Problem statement
Return every line in the entries below where the word "Short" shows up.
··· Recorded information
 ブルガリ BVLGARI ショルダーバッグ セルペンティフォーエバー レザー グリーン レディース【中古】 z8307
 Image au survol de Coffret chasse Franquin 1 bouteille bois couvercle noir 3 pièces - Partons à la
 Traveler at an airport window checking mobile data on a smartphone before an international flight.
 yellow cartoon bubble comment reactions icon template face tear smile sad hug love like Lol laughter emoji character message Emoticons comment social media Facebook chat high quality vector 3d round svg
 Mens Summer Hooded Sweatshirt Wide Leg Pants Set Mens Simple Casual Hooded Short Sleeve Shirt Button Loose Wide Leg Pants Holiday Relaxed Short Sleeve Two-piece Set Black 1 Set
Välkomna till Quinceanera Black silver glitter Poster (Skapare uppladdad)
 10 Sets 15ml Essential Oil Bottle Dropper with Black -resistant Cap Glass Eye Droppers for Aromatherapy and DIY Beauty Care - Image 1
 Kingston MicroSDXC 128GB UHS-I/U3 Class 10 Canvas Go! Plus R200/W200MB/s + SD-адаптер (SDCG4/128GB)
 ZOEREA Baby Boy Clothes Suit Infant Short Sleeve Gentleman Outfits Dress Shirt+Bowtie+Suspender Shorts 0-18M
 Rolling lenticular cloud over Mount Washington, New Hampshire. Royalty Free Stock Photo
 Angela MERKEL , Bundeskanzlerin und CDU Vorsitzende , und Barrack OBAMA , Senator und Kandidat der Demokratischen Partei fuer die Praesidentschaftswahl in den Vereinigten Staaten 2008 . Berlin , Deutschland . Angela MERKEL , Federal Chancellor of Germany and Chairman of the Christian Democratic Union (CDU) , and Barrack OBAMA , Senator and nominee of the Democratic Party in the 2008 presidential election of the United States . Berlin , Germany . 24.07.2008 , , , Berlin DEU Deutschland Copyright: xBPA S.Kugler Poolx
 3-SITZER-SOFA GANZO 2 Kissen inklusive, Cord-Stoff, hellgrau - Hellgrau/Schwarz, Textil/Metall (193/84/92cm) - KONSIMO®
······
Task answer
 Mens Summer Hooded Sweatshirt Wide Leg Pants Set Mens Simple Casual Hooded Short Sleeve Shirt Button Loose Wide Leg Pants Holiday Relaxed Short Sleeve Two-piece Set Black 1 Set
 ZOEREA Baby Boy Clothes Suit Infant Short Sleeve Gentleman Outfits Dress Shirt+Bowtie+Suspender Shorts 0-18M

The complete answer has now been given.